# Ammo for a BOB



## ACE of DIAMONDS (Jan 17, 2014)

ive been looking and i may have just missed it, but when packing ammo into a bug out bag how much do you load? i hit some tough financial times a while ago and had to (painfully) sell my weapons to make rent, however im looking at getting a 7.62/.308 semi auto in the near future, probably a PTR 91. i'm thinking 100 rounds would be satisfactory, on top of the 60 my rig can carry. from where I am to my BOL is roughly 60 miles through central Kansas. does this sound viable to you guys?


----------



## pheniox17 (Dec 12, 2013)

viable is what you can carry, its always a trade off with weight...


----------



## Montana Rancher (Mar 4, 2013)

Getting to BOL should require traveling at night time

So my suggestion is to have a decent NVG. Get Generation 1 if that is all you can afford.

If you do it right you will not need any firearms until you get to your BOL.

IMO a AN/PVS-14 and a good pair of Nikes are the best bug out bad if you only have a couple days to travel.


----------



## BamaBoy101 (Dec 9, 2013)

ACE of DIAMONDS said:


> ive been looking and i may have just missed it, but when packing ammo into a bug out bag how much do you load? i hit some tough financial times a while ago and had to (painfully) sell my weapons to make rent, however im looking at getting a 7.62/.308 semi auto in the near future, probably a PTR 91. i'm thinking 100 rounds would be satisfactory, on top of the 60 my rig can carry. from where I am to my BOL is roughly 60 miles through central Kansas. does this sound viable to you guys?


Try dispersing the ammo load accross your body and not just in the pack.
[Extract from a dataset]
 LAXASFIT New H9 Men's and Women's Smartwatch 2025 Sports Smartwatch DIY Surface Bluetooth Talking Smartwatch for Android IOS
A multi mag pouch would be great as well....


----------



## Smitty901 (Nov 16, 2012)

I may have it all wrong . IMO the BOB or get home bag is not meant to win a gun fight. It is the tools you may need to get where you need to be from where you should not be. The weapon in my get back bag is a last chance tool not the main focus.


----------



## Ripon (Dec 22, 2012)

We all have different opinions on what is needed. Obviously a rifle doesn't go into a bug out bag (I guess a take down 22 might but a .308 not) so its an added carry and the weight of a 100 rounds is quite significant to a bag. As a couple of noted if you have a bug out location the mission is to get there which means your mission is to avoid conflict. Still I wouldn't be caught without a firearm either; I don't know Kansas or what its like my geography lessons would suggest its flat, open and so I can't say the caliber is wrong - just heavy. I hear a lot of people on forums say they will carry 100 of this, 200 of that, etc etc, and the stuff adds up fast in weight. That is why my on foot bug out plans would be for 223 instead of 308. But I have a more mountainous, hillside, forested path to bear then flat / open land.


----------



## AquaHull (Jun 10, 2012)

Glock 19 in holster with 2 spare G17 mags in holster ,mounted on a belt. (15 +1)+ (2 x16) = 48. If I need half of that I'm probably not making it to where I'm going

I don't carry the G19 anymore,so it's not much use since the Kahr's came into play.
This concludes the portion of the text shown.